LinuxQuestions.org
Download your favorite Linux distribution at LQ ISO.
Go Back   LinuxQuestions.org > Forums > Linux Forums > Linux - Software
User Name
Password
Linux - Software This forum is for Software issues.
Having a problem installing a new program? Want to know which application is best for the job?
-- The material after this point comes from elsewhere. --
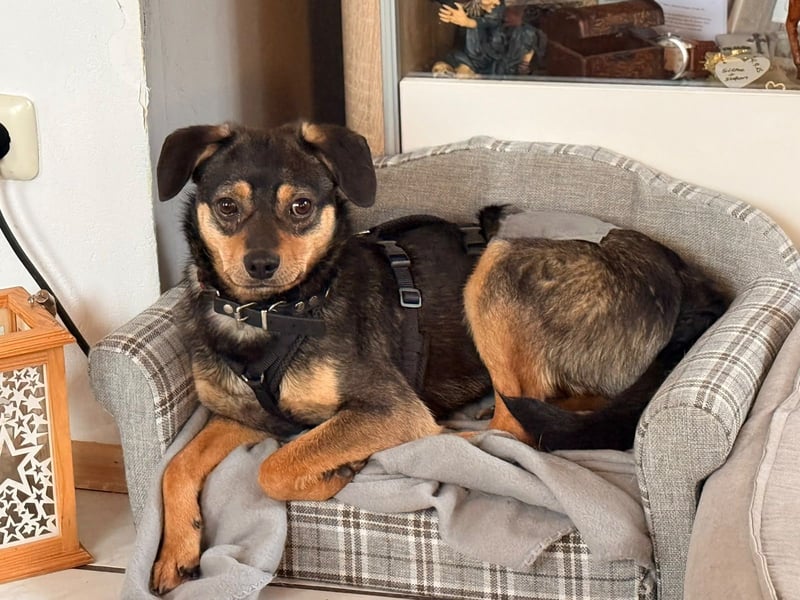 ❤️Sanfter Tiaro sucht dich✨evtl Pinscher Mix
Post your question in this forum.

Notices


Reply
  Search this Thread
Old 09-29-2016, 04:35 PM   #1
CVAlkan
Member
 
Registered: Nov 2012
Location: Northwest suburbs of Chicago
Distribution: Ubuntu & Mint LTS, Manjaro Rolling; Android
Posts: 218

Rep: Reputation: Disabled
Font File Examination Utility


Hi:

I have a large number of fonts from which I need to identify only those which contain specific Unicode planes.

For example, I would like to be able to run some command (similar to a grep perhaps?) which would return a list of font file names in a directory (along with its subdirectories if need be, so it needs to be recursive) that contained (for instance) Greek and Thai scripts or something like that.
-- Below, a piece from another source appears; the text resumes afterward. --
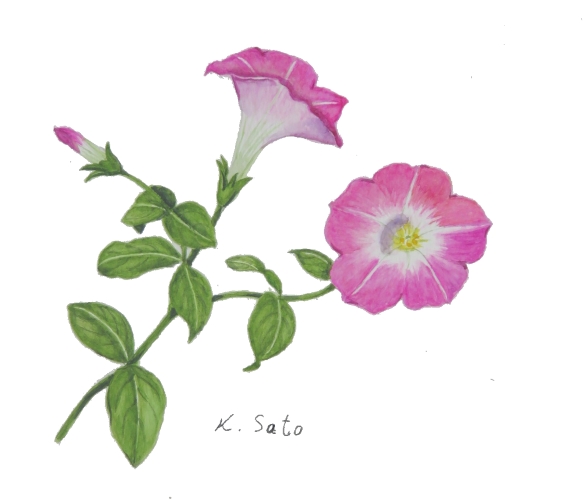 技術士協同組合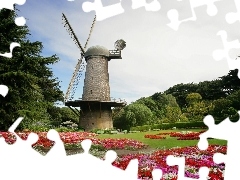 Flowers, viewes, Windmill, trees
If that isn't feasible, I'd like to have the command search for any such files that contain one or more specific characters/glyphs (in this example perhaps λ or โ, Greek lambda or Thai sera-oh).
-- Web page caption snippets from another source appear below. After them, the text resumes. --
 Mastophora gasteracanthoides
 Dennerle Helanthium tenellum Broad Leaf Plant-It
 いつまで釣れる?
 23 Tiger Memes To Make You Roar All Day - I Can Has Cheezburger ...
I'm aware of the Linux font configuration utility (see man fonts-conf) but, whether because of deficiencies in this utility or (I suspect) misconfigured font files themselves, this doesn't always provide information that is correct. Hence, my wish to just grep the ttf (or whatever) font file itself.

Does anyone have any suggestion?

Thanks in advance.
 
Old 09-30-2016, 01:36 AM   #2
ondoho
LQ Addict
 
Registered: Dec 2013
Posts: 17,250
Blog Entries: 10

Rep: Reputation: 5160Reputation: 5160Reputation: 5160Reputation: 5160Reputation: 5160Reputation: 5160Reputation: 5160Reputation: 5160Reputation: 5160Reputation: 5160Reputation: 5160
hmm.
my first thought upon seeing the thread title was "fontforge".
typing "font" into a terminal, pressing TAB, gives a few more options, one of them is called fontlint.
i have to hurry now, will look into it tonight.
 
Old 09-30-2016, 09:15 AM   #3
CVAlkan
Member
 
Registered: Nov 2012
Location: Northwest suburbs of Chicago
Distribution: Ubuntu & Mint LTS, Manjaro Rolling; Android
Posts: 218

Original Poster
Rep: Reputation: Disabled
Great idea: typing font and pressing tab; I hadn't even thought of that, BUT:

I'm familiar with fontlint (George Williams is that author of FontForge which, sadly, no longer seems to be updated). Like its namesake "lint" it reviews a font file (using routines from FontForge) for structural errors and omissions. In my experience many (if not most) fonts are not fully compliant with the various specs for their format. Fontlint is therefore useful for designers, but doesn't address what I'm looking for.

But thanks very much for the idea ...
 
Old 09-30-2016, 09:50 AM   #4
Guttorm
Senior Member
 
Registered: Dec 2003
Location: Trondheim, Norway
Distribution: Debian and Ubuntu
Posts: 1,374

Rep: Reputation: 403Reputation: 403Reputation: 403Reputation: 403Reputation: 403
I'm not really sure what you are after. There are 2 commands "ttfdump" and "otfdump" that will dump tons of information about a font. The output is very different, but they both work on both ttf and otf fonts. This command should install both of them:

apt-get install libotf-bin texlive-binaries

Maybe look at the output and see if you can grep the output?
 
Old 09-30-2016, 11:26 AM   #5
CVAlkan
Member
 
Registered: Nov 2012
Location: Northwest suburbs of Chicago
Distribution: Ubuntu & Mint LTS, Manjaro Rolling; Android
Posts: 218

Original Poster
Rep: Reputation: Disabled
Much thanks... ttfdump is one more command I never heard of and would likely never have stumbled upon - and it was already installed on my system!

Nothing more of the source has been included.